The sheer volume of instances and examples Browne furnishes is mind-boggling. So much so that
as we read his essay, we hardly know (as is also the case with Stencil) whether he is onto
something crucial and pervasive or is simply the dupe of his own overactive ingenuity. (By the
end of the essay, Browne's search for quincunxes begins to look -- to modern readers at least
-- like "an adventure of the mind" indeed, and possibly the product of some form of godly
paranoia or full-blown monomania.)
A devout Christian, Browne offers his findings as evidence of a mathematically meticulous
Designing God. To him, the omnipresence of the quincunx is simply one more assurance that the
Creation is the work of a minutely diligent Maker. In this respect, "The Garden of Cyrus" is a
typical, if extreme, contribution to the literature of Natural Theology and to the tradition
of cosmic piety (the belief that universal order is the hallmark of a benevolent Creator). Of
course, as P-listers are fully aware, such a belief is the exact opposite of the Gnostic (and
more Stencilian, and Pynchonian) view. To the Gnostic eye, such revelations of order and
system are more terrifying than edifying for they betoken the presence not of a divine
Savior-Creator but of the sinister Archons, the ruler-creators of the cosmic Jail.

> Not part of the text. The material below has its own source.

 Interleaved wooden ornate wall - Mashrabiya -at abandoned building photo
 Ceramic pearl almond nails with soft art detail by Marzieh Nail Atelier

One added note: by an intriguing coincidence, "quincunx" also happens to be the name that the
British eugenics pioneer Francis Galton (1822-1911) gave to his device for depicting the
"patterns" that emerge within random phenomena. Using a kind of vertical pin-ball machine
(designed so that each dropped ball might deflect right or left with equal probability),
Galton's contraption provided a graphic demonstation -- in the form of a Bell curve -- of the
deeper-level lawfulness of haphazard events. Shades of Mondaugen's sferics.
It's not clear whether G's adoption of the name "quincunx" owes anything at all to Browne. In
any case, what is probably of greater interest to Pynchon readers is Galton's self-admiring
autobiography, "Memories of my Life" (1908). With its earnest recapitulation of the author's
eugenic theories and "scientific" views on race and culture, and especially with its middle
chapters set in South West Africa (where Galton toured as a sort of ethologist-adventurer),
this work qualifies as one of the all-time documents in the history of British racism and
imperialism -- as well as a potential source for V.
A pleasant holiday to all.
--
"Welcome to 'All About the Media,' where members of the media discuss the role of the media in
media coverage of the media." -- New Yorker cartoon, 9/25/00.